It rather sounds like you may want to look into some form of database to store your logs.
One possibility might be to use the ELK stack:
- Elasticsearch as the database (it is based on Lucene, so is geared towards searching, but also provides a number of aggregation, map-reduce, and related functionality)
- Logstash as your log ingestion and parser agent - you can amongst other things use the syslog input to receive logs from your nodes (you can send them either directly, or use your local syslog-ng daemon to feed a copy to logstash)
- Kibana is used to visualise, search, and manipulate your logs.
It isn't necessarily the answer you might have been looking for, but it sounds like you might have a legitimate use case for a solution like it.
You can also consider something like Splunk, but given your volume of data, that will cost you.
Logstash can also be used on Windows machines to read the EventLog, so might allow you to achieve your goals without using syslog at all (if I am reading between the lines of your setup correctly).

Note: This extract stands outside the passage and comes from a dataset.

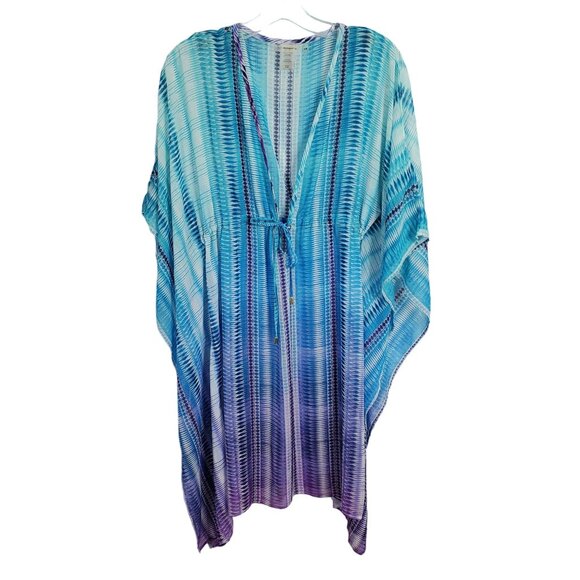 Bleu Rod Beattie Size S M Tunic Sheer Beach Swimwear Cover Up Ombre Blue Purple - Picture 2 of 10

It may also be there is something you can do about how the logs are being written to help avoid such massive files, but I would tend to think that if you are regularly dealing with 7GB of logs you periodically need to search through, a solution geared towards that use case might be more practical.
Updated I see. In which case, is it not possible to have syslog-ng write everything either to one massive daily file (rather than 5), or to have syslog-ng write everything to a series of files up to a certain size (e.g. 10 700M files, each created after the last fills)?
It really sounds like the issue is having your data out of order, and I would have thought there are ways to avoid that issue, by configuring syslog accordingly.
Since it sounds like the timestamps are more important than the sources, I would imagine that timestamps alone (or possibly, timestamps and maximum log size) should determine how events are stored in the first place.